Okay, fine, but not exactly the fight of the century. What I saw from Joshua last Saturday against Usyk was a skilled, talented, but seemingly less than confident fighter who gave away early rounds, rallied a bit in the middle of the fight, but could not close against a much smaller man. Take nothing away from Usyk, who is one hell of a fighter, and clearly earned his ‘W,’ but it’s hard not to look at Joshua and, once again, think about opportunity cost.

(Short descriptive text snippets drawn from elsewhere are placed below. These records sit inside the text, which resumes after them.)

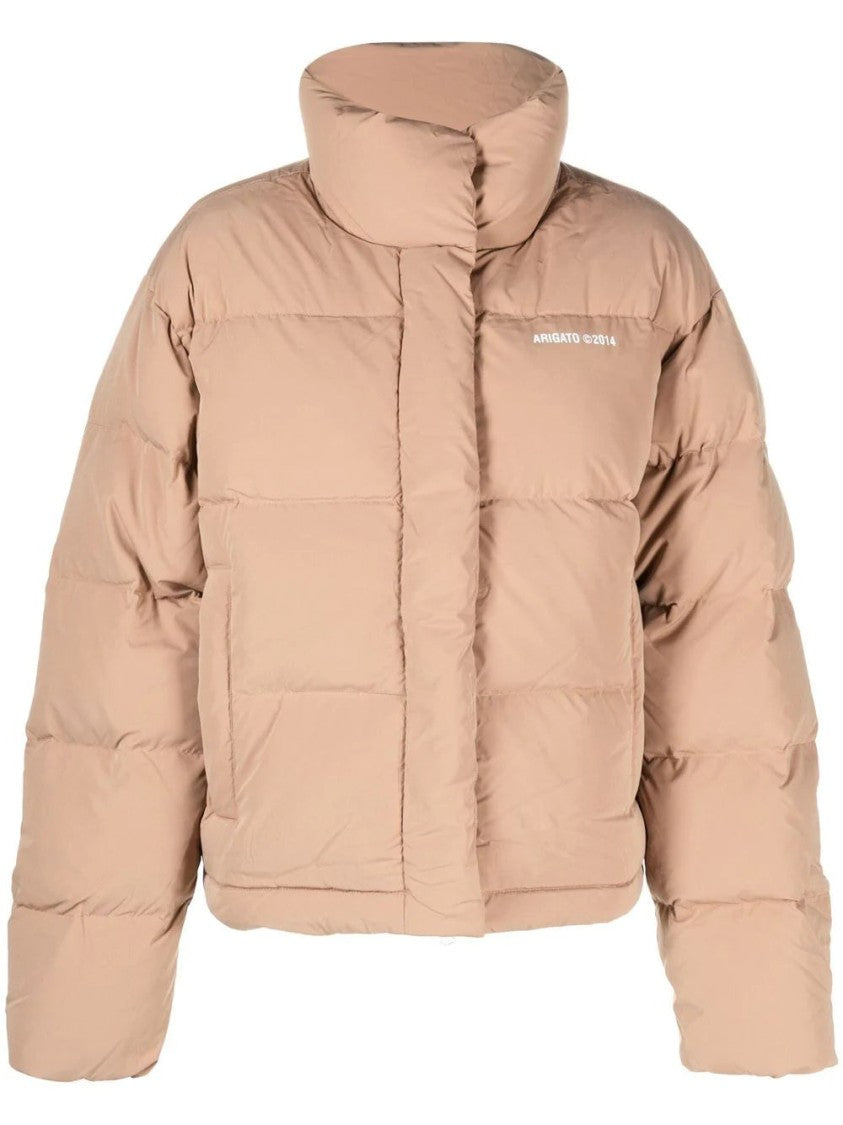 Axel Arigato Cropped Puffer Jacket With High Collar And Minimalist Design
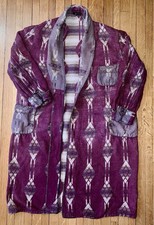 Vintage 1930s 1940s Beacon Blanket Robe Shawl Collar Diamond Geometric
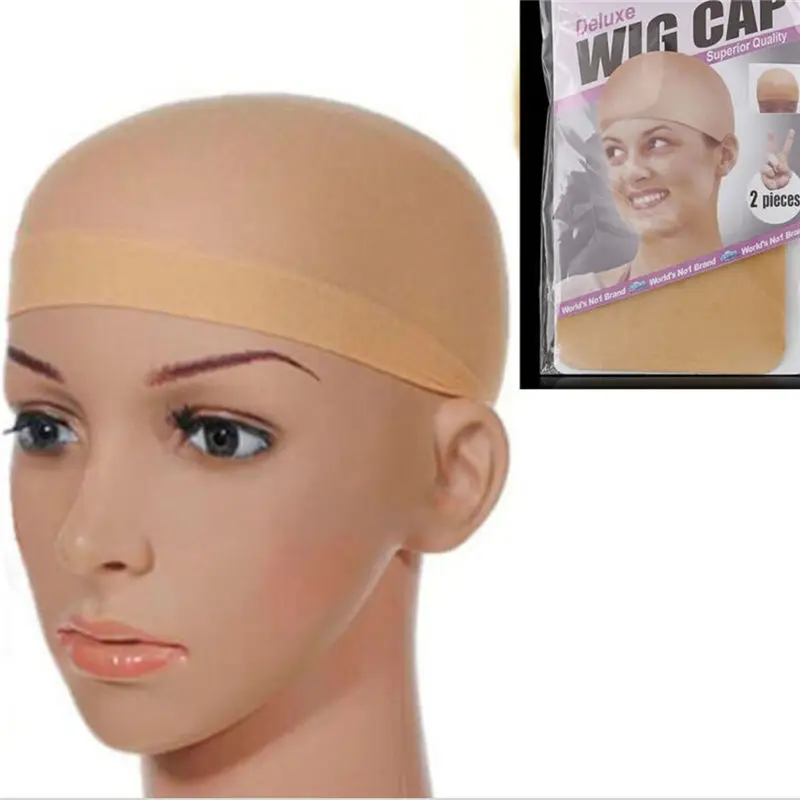 2 шт./лот бежевые аксессуары для укладки растягивающаяся эластичная сетка волос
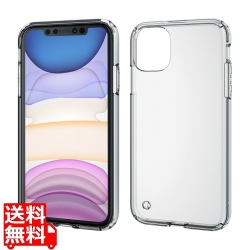 iPhone 11/ハイブリッドケース/クリア 写真1
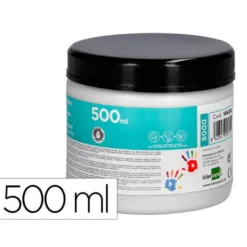PINTURA DEDOS LIDERPAPEL TARRINA DE 500 ML BLANCO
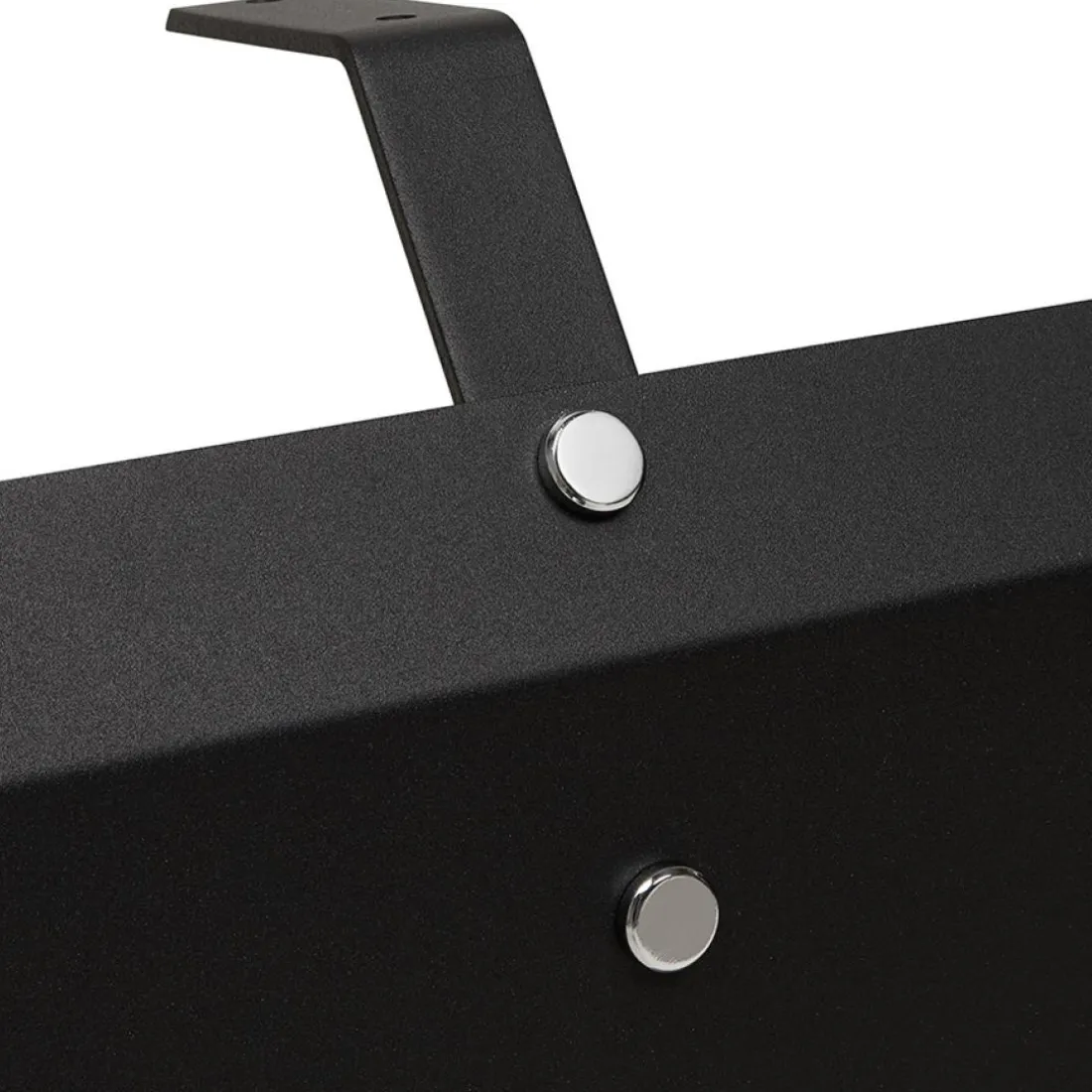 Panneau de modestie 'SECRET' noir pour bureau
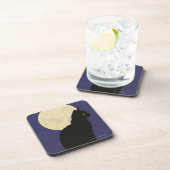 Schwarze Katze und der Mond Untersetzer (Rechte Seite)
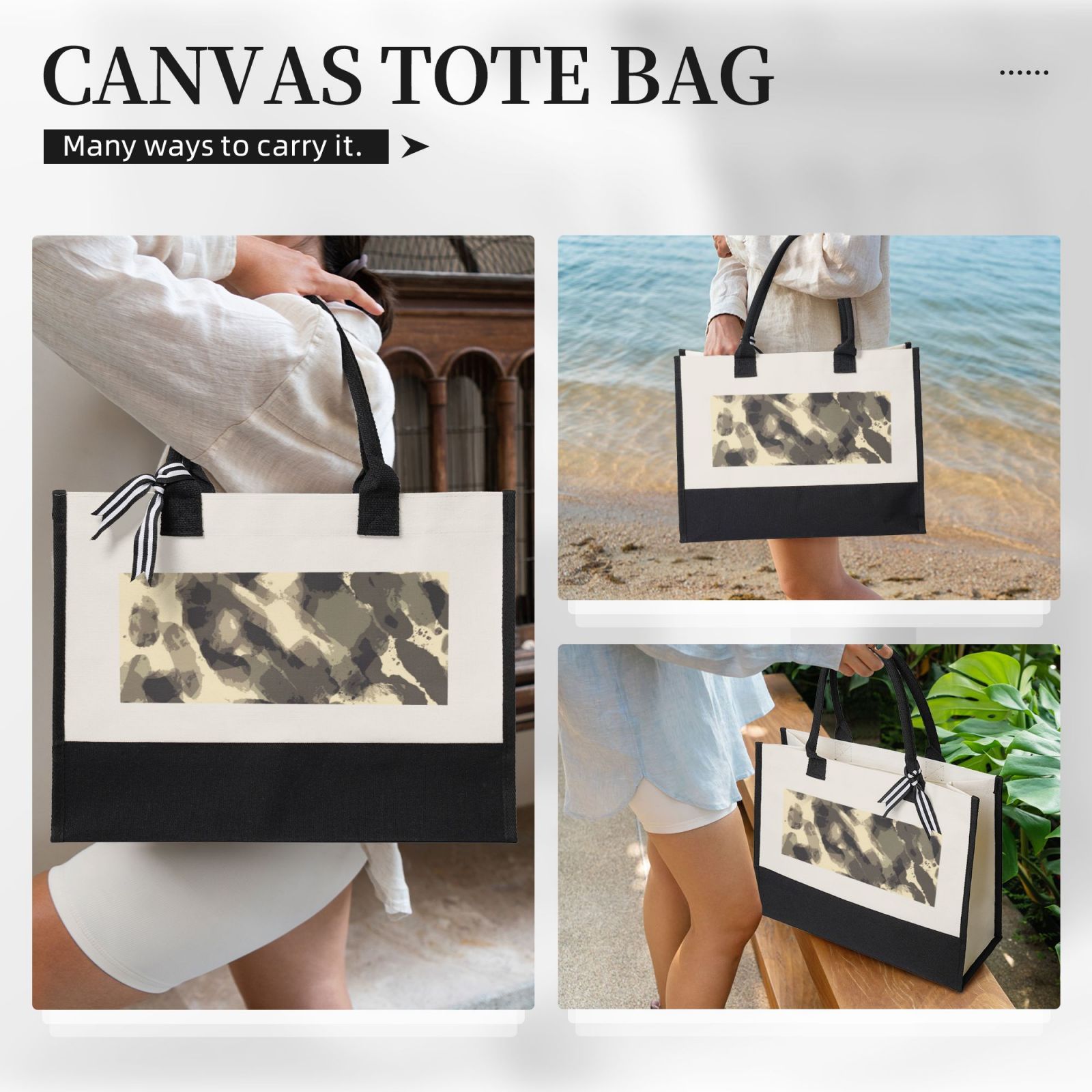 Canvas Gift Shopping Bag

What is the cost of not being truly great when greatness is so obviously within your grasp? That’s the question Joshua should be asking himself. Because on a purely physical level, Joshua lacks nothing necessary to be hailed among the all-time greats. As we all know, boxing (or any sport for that matter) is not merely physical. What separates the truly gifted and truly great from lesser-lights is that something inside. That relentless drive that screams from within and says “I will not be denied.”

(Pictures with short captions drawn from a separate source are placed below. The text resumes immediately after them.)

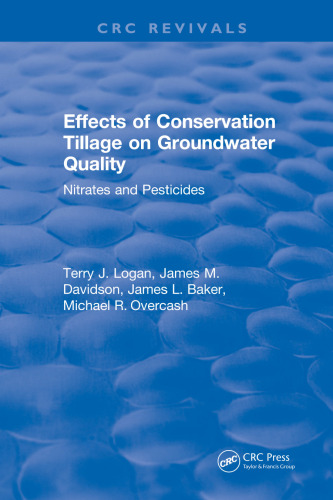 Effects of conservation tillage on groundwater quality nitrates and pesticides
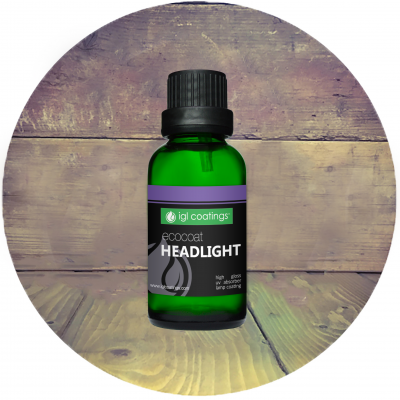 IGL น้ำยาเคลือบไฟหน้า ไฟท้ายรถยนต์ Ecocoat Headight 30 ml Kit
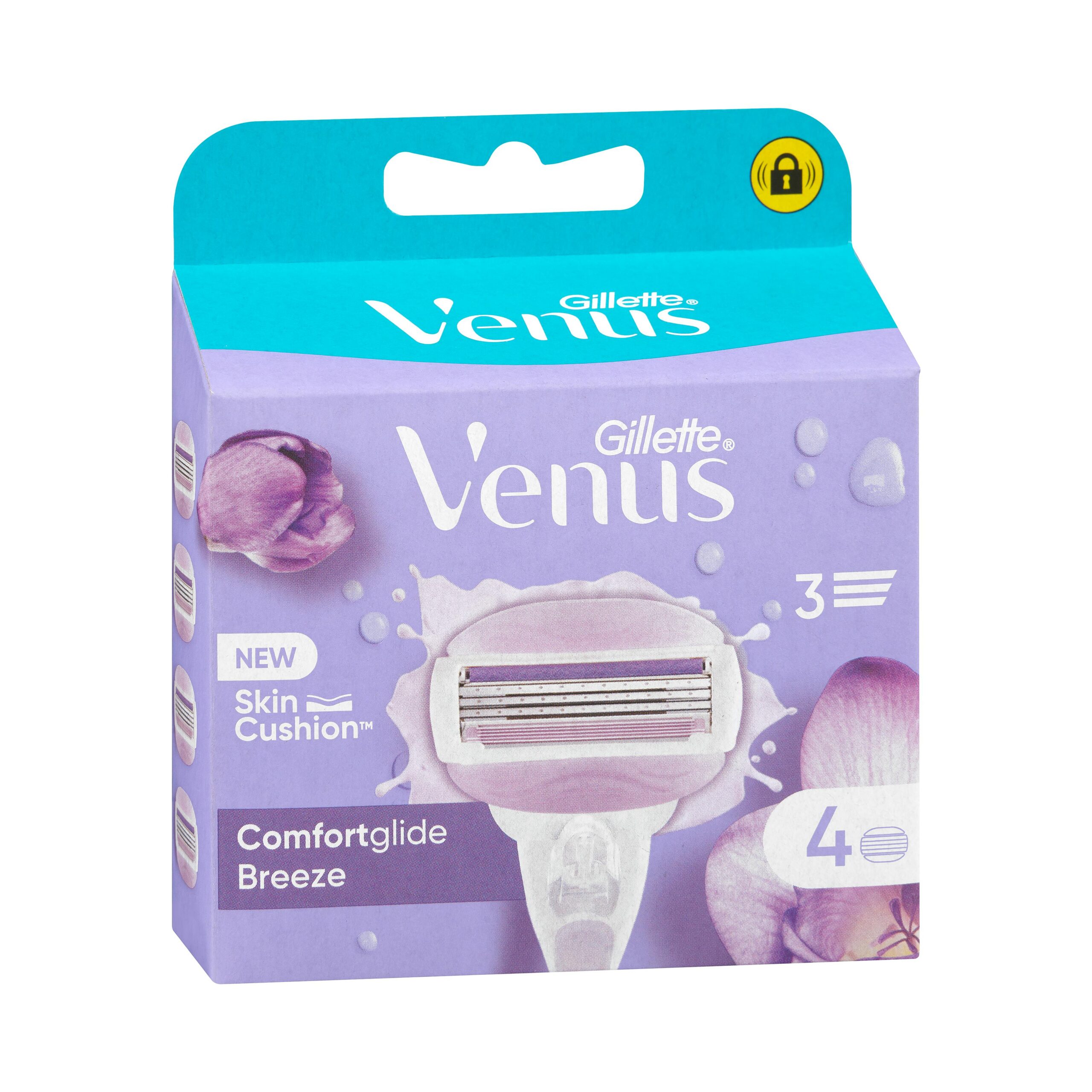 Recambios maquinilla depilación Gillette Venus Comfortglide Breeze 3 hojas Mercadona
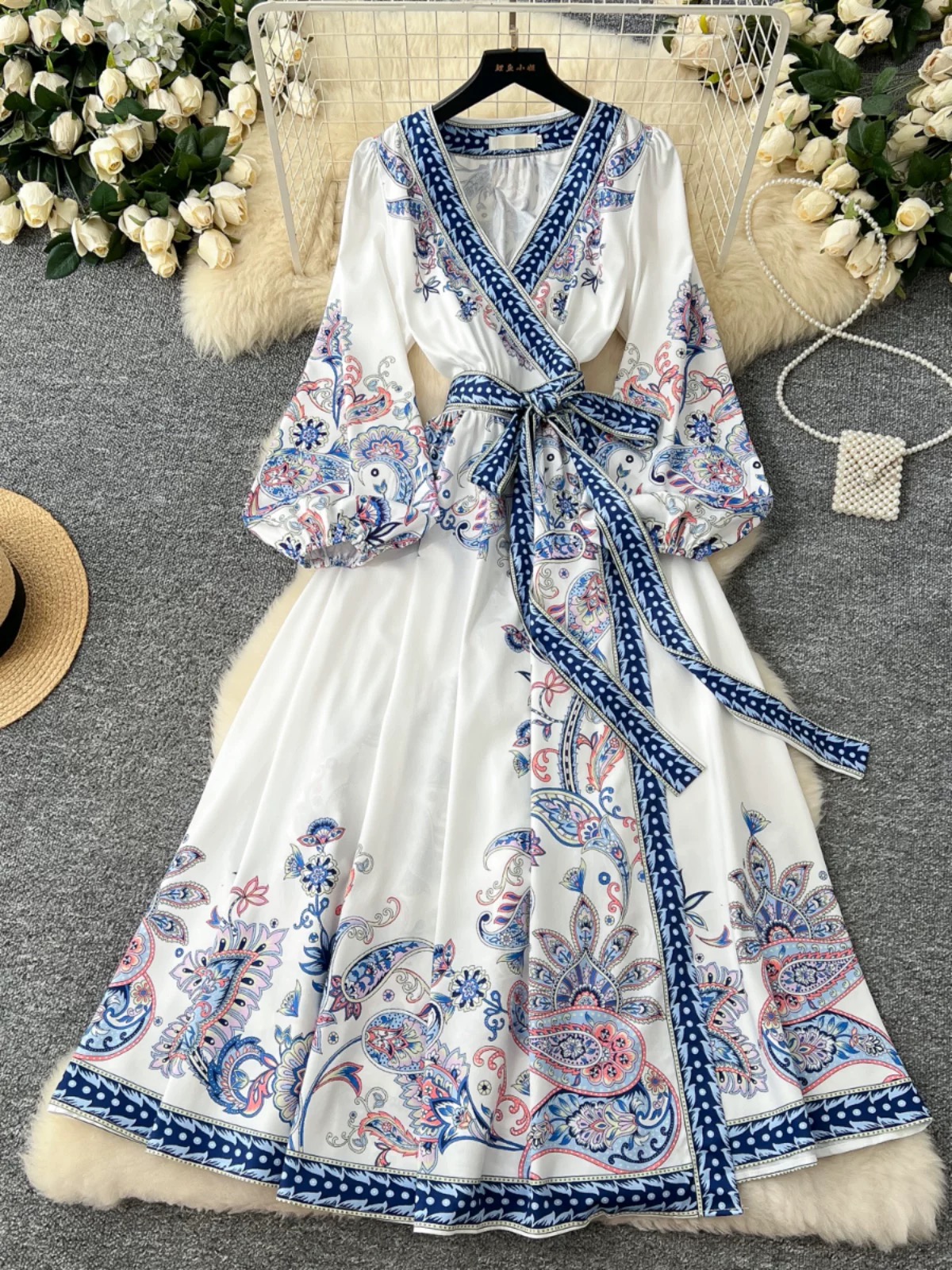 Best revenge print dress ED166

You could see that missing not only in the first Ruiz fight, but the second one too. As Joshua chose safety and skill over risk and power. That didn’t work with Usyk. In part because Usyk is quite simply a much better fighter than Ruiz. What Usyk isn’t is a much better fighter than Joshua.
Out of all the current Heavyweights who make a claim to being the best in the division (Fury, Wilder, Joshua, and now Usyk), Joshua was born with more ability than all of them. And while I am loath to question the heart of anyone who would walk into a boxing ring and take shots from another man who tips the scales well beyond 200 pounds, the question does persist.
Who is Anthony Joshua? Or more significantly, if this is it, who could Anthony Joshua have been? And look, let’s not throw dirt on Joshua just yet. He’s no less talented today than he was before last Saturday night when he lost his piece of the Heavyweight crown to a beefed-up Cruiserweight. The clock is ticking though.
Anthony Joshua may have fought and beat Klitschko, but he has not fought Fury or Wilder, and he’s going to need to go through Usyk (most likely) to get to either of them. And if he gets a second shot, being careful – as he was last Saturday – will not do. Joshua has to dare to be great. He faced down that dare once before, but now that he has all the money in the world at just 31 years of age, does he have the desire?
Because what Joshua must ask of himself now is “Do I have another gear?’ That’s what will be required of him if he wants to be all that he not only could be, but should be. The opportunity is there, but is he willing to pay the cost?
If not, his legacy, while not meaningless by any means, will be defined by opportunity lost.